Oberlin’s alumni mag on Radio Lab

In a profile in the alumni magazine of Oberlin College, Radio Lab hosts Jad Abumrad and Robert Krulwich discuss the show and its ties to their shared alma mater. “It feels like an extension of conversations I used to have at Oberlin,” Abumrad says. “There’s a playfulness that connects it to college. I hope that’s not just regression.” A coda to the article features other Oberlin grads in public radio contemplating the connection between their college and their jobs.

YouTube – Sesame Streets

Put dialogue from Scorcese films into the mouths of Grover and Big Bird and you get Sesame Streets. (NSFW. Via WFMU’s blog.)

Sirius drops PRI

As of Tuesday, Sirius Satellite Radio stopped carrying programs from Public Radio International.

FCC on LPFM and a public file violation

In actions announced today, the FCC denied a low-power FM application on localism grounds and fined WXLV-FM in Schnecksville, Pa., $10,000 for failing to maintain its public file (PDFs).

Knight seeks proposals for digital community connections

The Knight Foundation will spend $5 million in the first year (and perhaps $25 million over five years) for innovative digital prototypes, initiatives and experiments that improve connections among people in communities. Application deadline for the Knight Brothers 21st Century News Challenge: Dec. 31. Guidelines are posted at www.newschallenge.org. Applicants need not be journalists or have printing presses or transmitters.

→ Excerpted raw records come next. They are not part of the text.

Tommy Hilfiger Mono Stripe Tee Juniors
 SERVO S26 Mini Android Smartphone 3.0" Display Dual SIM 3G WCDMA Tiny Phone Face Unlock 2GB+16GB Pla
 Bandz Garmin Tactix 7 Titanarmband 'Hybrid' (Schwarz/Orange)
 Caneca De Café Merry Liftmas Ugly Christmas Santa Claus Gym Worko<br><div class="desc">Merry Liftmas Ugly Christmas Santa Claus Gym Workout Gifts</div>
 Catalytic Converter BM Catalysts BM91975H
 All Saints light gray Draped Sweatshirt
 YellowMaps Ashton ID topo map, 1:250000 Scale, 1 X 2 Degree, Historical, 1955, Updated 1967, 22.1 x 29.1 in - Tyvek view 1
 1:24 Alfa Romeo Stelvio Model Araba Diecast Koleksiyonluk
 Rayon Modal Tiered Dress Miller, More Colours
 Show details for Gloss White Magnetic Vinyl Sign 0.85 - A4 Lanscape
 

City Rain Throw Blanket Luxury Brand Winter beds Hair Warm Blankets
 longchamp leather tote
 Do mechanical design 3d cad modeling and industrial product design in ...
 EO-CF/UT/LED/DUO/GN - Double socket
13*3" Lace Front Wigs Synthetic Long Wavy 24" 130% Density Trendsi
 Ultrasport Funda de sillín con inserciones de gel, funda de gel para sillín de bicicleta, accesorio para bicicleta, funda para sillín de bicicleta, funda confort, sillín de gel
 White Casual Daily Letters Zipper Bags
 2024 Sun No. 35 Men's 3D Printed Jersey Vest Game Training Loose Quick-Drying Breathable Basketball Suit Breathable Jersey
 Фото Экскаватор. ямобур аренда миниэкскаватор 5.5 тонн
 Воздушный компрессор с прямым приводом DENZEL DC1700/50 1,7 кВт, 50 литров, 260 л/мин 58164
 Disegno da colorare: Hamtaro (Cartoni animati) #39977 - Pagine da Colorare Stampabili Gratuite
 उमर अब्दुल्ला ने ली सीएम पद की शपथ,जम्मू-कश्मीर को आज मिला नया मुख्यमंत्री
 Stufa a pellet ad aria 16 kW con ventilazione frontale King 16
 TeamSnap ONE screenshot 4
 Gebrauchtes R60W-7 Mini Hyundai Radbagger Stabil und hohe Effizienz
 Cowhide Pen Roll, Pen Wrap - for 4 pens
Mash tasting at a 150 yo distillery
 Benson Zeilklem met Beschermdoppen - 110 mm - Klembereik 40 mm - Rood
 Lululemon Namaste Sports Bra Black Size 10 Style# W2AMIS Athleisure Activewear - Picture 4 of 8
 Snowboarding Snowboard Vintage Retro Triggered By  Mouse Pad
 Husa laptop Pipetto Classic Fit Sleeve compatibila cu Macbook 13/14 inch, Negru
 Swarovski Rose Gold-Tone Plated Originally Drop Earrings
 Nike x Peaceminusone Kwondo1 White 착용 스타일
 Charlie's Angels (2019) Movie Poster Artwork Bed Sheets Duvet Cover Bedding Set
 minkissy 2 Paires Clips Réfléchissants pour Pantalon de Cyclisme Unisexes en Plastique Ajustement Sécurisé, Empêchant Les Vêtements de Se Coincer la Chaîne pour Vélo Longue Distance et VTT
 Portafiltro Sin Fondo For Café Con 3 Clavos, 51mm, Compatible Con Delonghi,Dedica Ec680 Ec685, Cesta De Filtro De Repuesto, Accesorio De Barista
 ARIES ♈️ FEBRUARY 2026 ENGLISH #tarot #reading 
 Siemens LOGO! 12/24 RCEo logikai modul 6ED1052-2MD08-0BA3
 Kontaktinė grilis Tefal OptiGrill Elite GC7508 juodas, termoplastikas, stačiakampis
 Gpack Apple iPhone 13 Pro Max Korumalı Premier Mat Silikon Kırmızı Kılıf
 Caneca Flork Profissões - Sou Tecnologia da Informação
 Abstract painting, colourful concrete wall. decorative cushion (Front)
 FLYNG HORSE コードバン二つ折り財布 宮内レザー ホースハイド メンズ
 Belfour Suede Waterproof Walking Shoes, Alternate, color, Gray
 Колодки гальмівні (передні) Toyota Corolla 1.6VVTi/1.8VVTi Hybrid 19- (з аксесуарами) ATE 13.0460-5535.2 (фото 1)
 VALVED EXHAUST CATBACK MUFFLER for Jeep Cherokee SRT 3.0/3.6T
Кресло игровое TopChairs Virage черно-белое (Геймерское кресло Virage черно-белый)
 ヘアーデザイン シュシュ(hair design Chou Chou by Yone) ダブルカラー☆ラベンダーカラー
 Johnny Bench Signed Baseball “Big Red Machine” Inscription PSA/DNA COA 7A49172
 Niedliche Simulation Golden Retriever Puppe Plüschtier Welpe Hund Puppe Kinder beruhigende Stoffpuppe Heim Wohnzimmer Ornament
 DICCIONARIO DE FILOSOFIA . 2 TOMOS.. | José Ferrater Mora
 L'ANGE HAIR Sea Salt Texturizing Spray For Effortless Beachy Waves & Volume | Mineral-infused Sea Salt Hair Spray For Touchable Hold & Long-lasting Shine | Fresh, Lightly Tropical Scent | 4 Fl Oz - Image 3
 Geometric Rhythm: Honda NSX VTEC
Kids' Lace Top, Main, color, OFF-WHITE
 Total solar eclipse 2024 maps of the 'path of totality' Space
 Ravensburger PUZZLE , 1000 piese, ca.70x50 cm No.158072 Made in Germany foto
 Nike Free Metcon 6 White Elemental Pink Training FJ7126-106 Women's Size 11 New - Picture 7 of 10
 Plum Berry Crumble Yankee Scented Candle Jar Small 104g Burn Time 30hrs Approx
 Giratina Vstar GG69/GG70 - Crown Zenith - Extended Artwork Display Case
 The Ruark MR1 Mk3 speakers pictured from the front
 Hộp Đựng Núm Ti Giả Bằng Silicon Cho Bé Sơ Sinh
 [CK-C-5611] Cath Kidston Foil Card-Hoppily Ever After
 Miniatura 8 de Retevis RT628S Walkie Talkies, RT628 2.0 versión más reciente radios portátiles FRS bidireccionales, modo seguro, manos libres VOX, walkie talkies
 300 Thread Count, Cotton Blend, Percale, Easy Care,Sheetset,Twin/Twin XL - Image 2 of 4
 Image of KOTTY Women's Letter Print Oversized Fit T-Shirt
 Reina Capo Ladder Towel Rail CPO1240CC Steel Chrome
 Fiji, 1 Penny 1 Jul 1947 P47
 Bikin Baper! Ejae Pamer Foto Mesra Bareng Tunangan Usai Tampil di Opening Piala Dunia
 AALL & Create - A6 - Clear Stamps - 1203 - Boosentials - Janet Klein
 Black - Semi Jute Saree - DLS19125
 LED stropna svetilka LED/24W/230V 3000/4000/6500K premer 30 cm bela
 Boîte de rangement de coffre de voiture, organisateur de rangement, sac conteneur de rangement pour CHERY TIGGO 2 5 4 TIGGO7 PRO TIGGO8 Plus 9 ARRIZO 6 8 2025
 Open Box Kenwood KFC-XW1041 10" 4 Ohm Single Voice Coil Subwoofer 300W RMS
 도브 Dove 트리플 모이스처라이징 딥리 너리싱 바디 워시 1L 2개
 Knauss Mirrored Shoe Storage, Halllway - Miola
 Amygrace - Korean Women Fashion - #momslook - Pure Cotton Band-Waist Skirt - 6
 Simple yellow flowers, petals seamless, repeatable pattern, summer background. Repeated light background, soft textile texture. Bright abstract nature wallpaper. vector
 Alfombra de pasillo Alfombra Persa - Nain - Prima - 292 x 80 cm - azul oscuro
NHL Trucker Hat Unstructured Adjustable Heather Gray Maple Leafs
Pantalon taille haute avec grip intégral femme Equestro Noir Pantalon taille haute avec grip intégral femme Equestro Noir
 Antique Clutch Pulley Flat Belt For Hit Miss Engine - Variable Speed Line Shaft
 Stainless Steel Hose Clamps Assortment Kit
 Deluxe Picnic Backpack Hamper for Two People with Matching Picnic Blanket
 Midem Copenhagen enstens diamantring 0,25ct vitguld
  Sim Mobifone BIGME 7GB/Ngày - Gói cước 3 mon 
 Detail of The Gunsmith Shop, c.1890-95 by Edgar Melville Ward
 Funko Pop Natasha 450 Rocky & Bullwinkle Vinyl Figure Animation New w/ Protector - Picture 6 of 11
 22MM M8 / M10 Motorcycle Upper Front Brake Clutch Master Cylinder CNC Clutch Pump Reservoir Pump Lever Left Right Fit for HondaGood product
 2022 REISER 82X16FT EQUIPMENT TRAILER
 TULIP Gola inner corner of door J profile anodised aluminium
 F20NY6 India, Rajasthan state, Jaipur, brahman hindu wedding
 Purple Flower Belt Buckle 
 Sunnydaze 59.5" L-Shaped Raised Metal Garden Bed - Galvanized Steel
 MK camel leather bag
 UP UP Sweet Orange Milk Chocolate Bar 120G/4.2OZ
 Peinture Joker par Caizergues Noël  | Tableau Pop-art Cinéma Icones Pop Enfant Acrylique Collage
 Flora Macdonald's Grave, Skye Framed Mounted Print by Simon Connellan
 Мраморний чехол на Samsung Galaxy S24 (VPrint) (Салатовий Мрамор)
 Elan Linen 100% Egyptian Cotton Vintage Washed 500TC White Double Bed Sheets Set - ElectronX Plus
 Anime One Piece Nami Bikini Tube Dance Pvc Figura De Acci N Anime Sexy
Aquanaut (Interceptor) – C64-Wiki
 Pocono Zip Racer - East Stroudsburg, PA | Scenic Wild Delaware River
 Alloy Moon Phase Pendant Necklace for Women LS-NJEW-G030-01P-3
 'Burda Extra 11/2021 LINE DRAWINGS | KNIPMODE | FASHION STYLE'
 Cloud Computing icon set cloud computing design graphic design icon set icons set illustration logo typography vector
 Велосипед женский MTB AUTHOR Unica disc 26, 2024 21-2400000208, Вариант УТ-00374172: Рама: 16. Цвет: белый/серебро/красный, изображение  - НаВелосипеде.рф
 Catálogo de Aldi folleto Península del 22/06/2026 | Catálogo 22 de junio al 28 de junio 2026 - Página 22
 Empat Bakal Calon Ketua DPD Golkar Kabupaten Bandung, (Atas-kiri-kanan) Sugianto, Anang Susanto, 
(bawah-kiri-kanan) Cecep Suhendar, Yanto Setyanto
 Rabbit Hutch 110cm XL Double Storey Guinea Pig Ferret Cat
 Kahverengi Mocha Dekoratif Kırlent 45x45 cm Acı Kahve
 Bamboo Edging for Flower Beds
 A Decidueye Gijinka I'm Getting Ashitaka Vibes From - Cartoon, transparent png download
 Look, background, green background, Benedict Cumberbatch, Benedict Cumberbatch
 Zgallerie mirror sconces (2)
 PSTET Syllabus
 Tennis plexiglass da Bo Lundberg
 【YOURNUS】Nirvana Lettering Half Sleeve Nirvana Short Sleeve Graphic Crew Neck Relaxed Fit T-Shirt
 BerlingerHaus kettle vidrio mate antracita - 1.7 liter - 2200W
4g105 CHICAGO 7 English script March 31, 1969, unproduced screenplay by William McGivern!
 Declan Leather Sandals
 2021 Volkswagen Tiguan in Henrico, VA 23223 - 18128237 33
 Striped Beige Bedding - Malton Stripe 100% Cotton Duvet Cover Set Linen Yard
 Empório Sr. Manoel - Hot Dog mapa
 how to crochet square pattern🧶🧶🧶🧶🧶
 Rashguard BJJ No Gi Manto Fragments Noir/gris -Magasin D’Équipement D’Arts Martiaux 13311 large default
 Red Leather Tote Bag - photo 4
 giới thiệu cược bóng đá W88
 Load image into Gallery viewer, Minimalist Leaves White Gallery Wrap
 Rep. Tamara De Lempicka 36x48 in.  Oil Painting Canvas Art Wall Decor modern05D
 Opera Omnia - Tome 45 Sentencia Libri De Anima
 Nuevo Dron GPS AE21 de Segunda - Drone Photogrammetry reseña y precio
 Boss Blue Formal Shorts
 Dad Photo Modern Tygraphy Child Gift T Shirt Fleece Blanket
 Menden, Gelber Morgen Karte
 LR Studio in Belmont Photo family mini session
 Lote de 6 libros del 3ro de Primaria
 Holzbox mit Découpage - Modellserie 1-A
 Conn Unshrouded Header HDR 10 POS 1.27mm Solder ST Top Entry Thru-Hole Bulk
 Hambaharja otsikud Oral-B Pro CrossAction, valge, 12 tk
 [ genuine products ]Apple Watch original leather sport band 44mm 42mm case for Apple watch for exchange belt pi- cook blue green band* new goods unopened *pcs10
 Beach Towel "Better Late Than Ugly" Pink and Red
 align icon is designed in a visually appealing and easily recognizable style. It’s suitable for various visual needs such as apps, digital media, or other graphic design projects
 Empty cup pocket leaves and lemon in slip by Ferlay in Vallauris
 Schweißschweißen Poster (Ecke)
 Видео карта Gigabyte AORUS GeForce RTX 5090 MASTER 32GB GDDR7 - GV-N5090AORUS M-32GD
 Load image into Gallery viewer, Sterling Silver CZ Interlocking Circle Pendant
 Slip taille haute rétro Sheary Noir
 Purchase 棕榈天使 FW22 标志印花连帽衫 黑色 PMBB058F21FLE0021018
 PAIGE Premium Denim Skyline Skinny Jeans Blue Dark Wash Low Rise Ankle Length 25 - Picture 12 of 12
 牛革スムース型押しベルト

Hear 2.0: What the new Arbitron rules mean to you

Mark Ramsey comments on Arbitron’s decision to include ratings for noncommercial radio in its market reports. “Public radio will now be on commercial radio’s radar like never before,” he writes. “Commercial radio will more aggressively learn from public radio, compete with it, and counter-program it.” (Via Technology360.)

Soldiers’ language wiped by fears of FCC

The New York Observer’s NYTV columnist reports on how FCC indecency rules inhibit PBS’s coverage of the war and other topics. “It’s a really sorry state of affairs if we’re Disney-fying combat,” says filmmaker Martin Smith, whose Oct. 3 Frontline documentary, “Return of the Taliban,” will air without f-words spoken by soldiers in combat.